(Supplied entries)
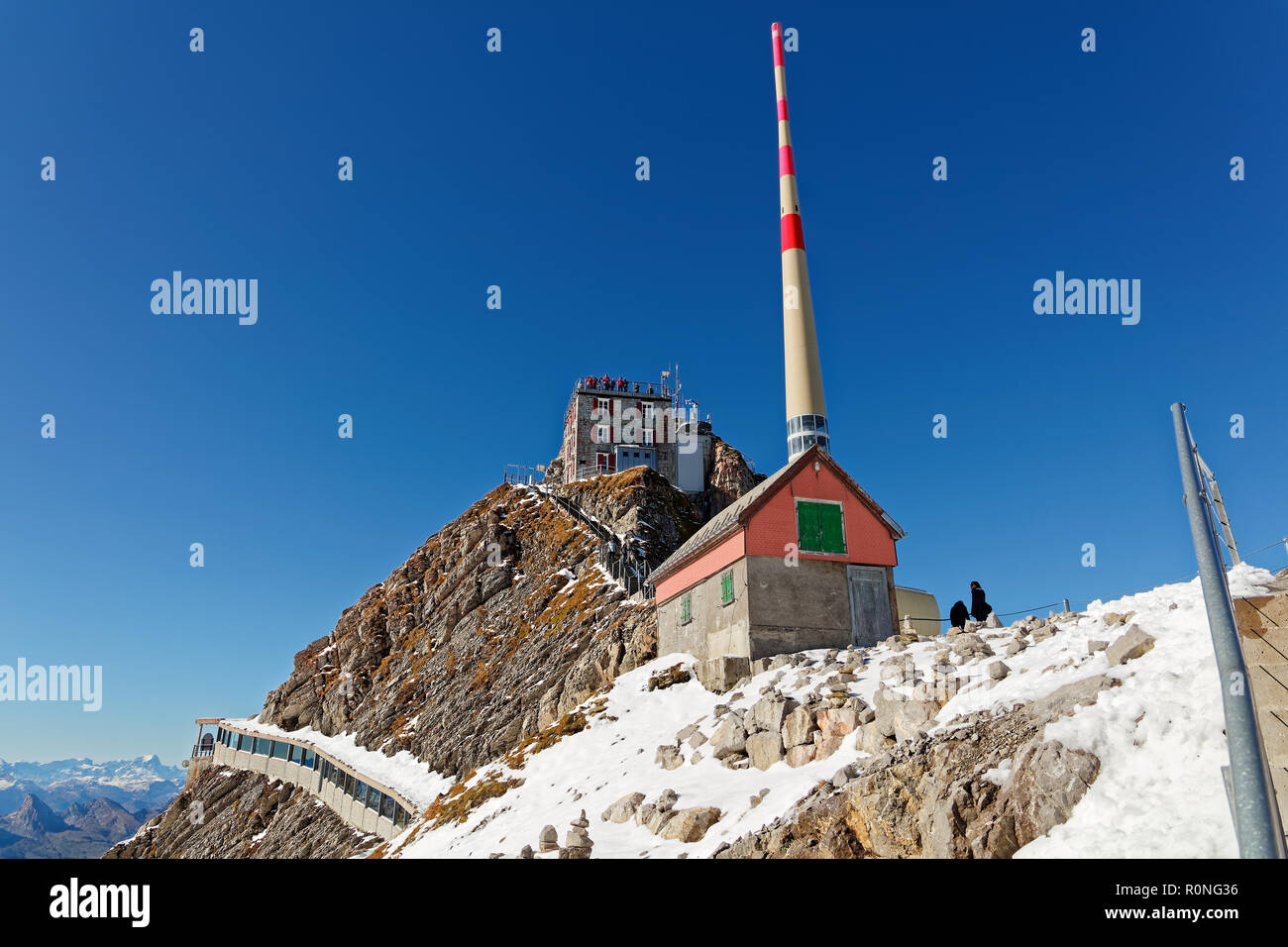 Sunny, first snow, views of Säntis summit in Alpstein, Appenzell Alps, Switzerland Stock Photo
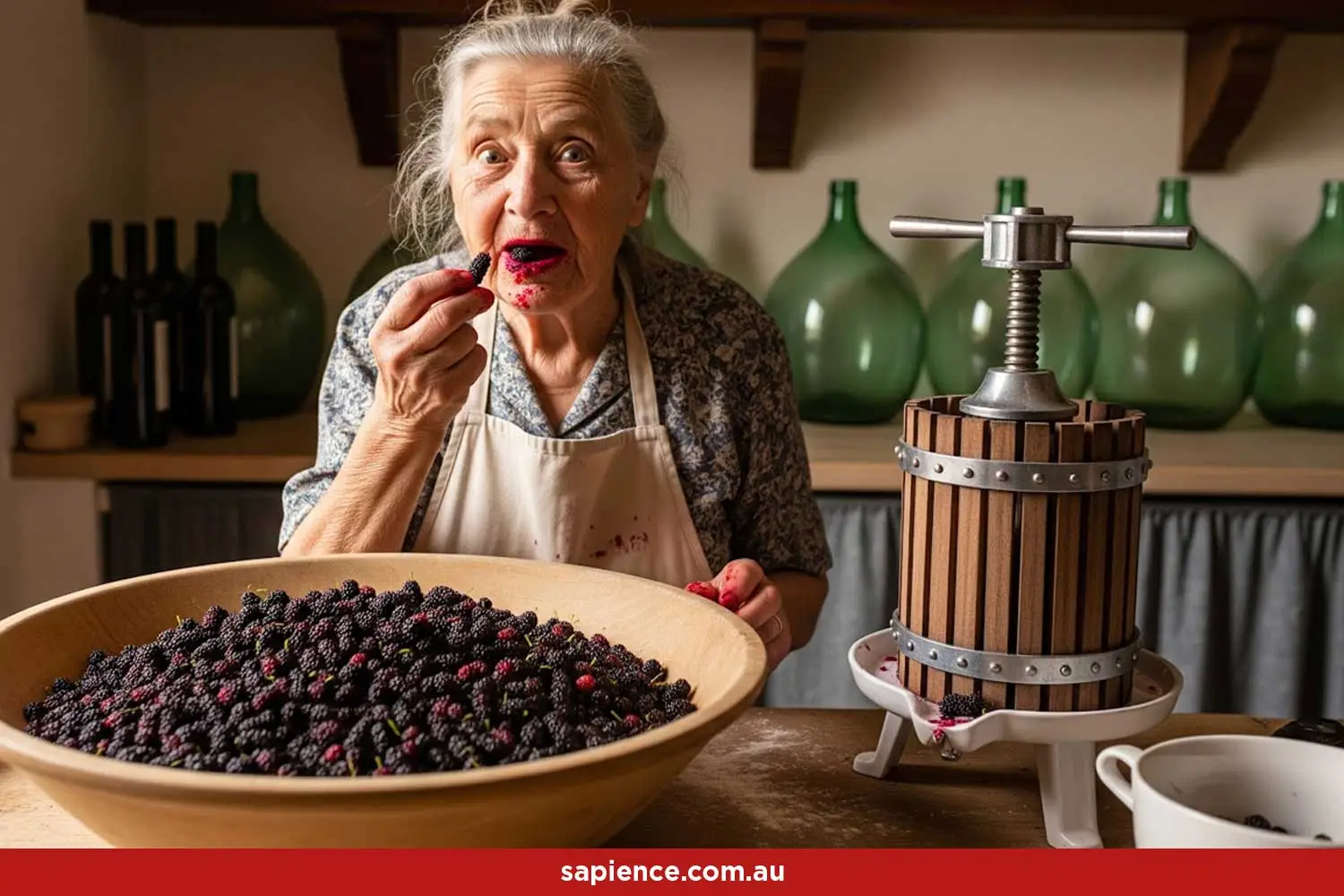 Aunt Edgar's most recent mulberry wine exploits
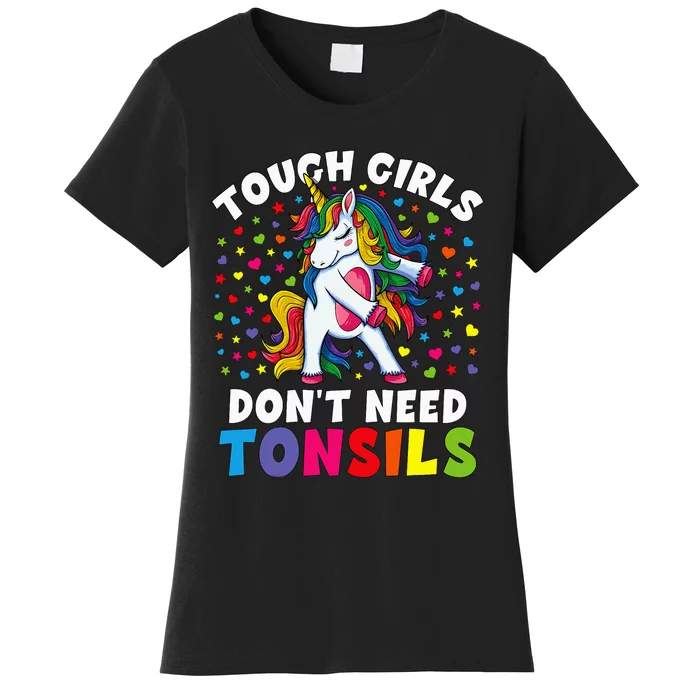 Tonsil Surgery Recovery Gift Unicorn Tonsil Removal Women's T-Shirt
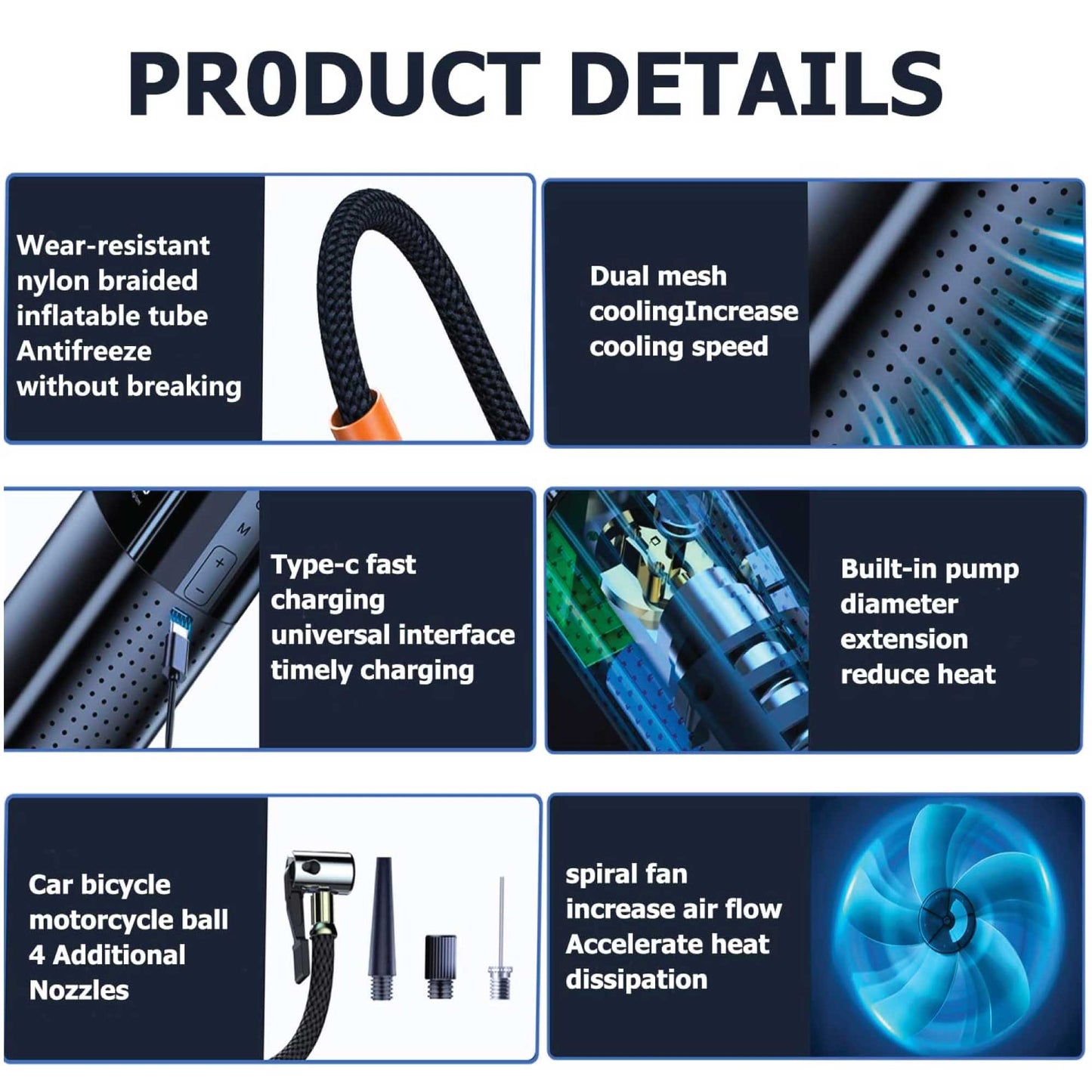 Portable Tyre Inflator - Rechargeable Car Bike tyre Air Pump Compressor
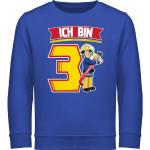 Royalblaue Unifarbene Langärmelige shirtracer Feuerwehrmann Sam Rundhals-Ausschnitt Kindersweatshirts aus Baumwolle für Jungen für den für den Herbst 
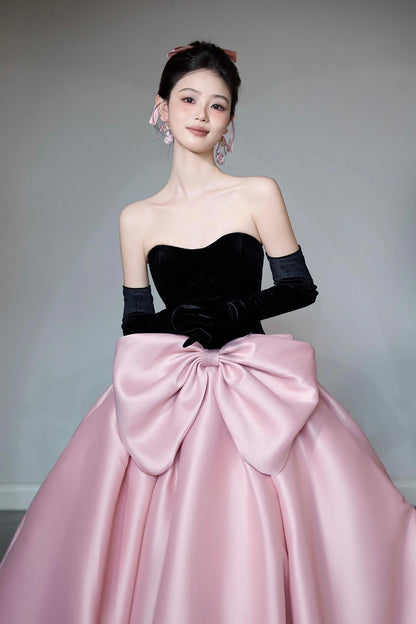 Black Velvet and Pink Satin Long Prom Dress, Beautiful A-Line Strapless Party Dress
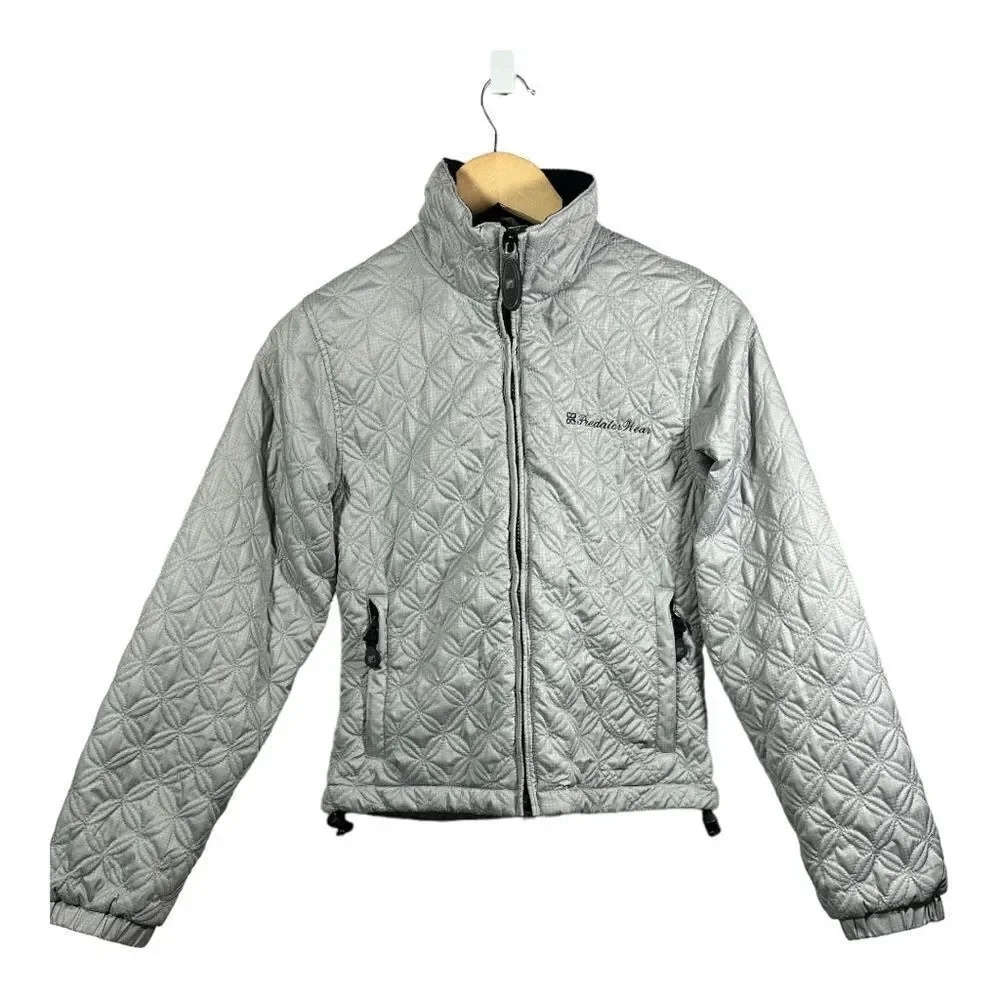 PREDATOR WEAR Women's Lightweight Quilted Zip-Up Coat Jacket Silver Size XS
(End Supplied entries)
### Problem to work on
Reproduce all of the data exactly; the pictures do not belong in the copy.

### Result of the exercise
 Sunny, first snow, views of Säntis summit in Alpstein, Appenzell Alps, Switzerland Stock Photo
 Aunt Edgar's most recent mulberry wine exploits
 Tonsil Surgery Recovery Gift Unicorn Tonsil Removal Women's T-Shirt
 Portable Tyre Inflator - Rechargeable Car Bike tyre Air Pump Compressor
 Royalblaue Unifarbene Langärmelige shirtracer Feuerwehrmann Sam Rundhals-Ausschnitt Kindersweatshirts aus Baumwolle für Jungen für den für den Herbst 
 Black Velvet and Pink Satin Long Prom Dress, Beautiful A-Line Strapless Party Dress
 PREDATOR WEAR Women's Lightweight Quilted Zip-Up Coat Jacket Silver Size XS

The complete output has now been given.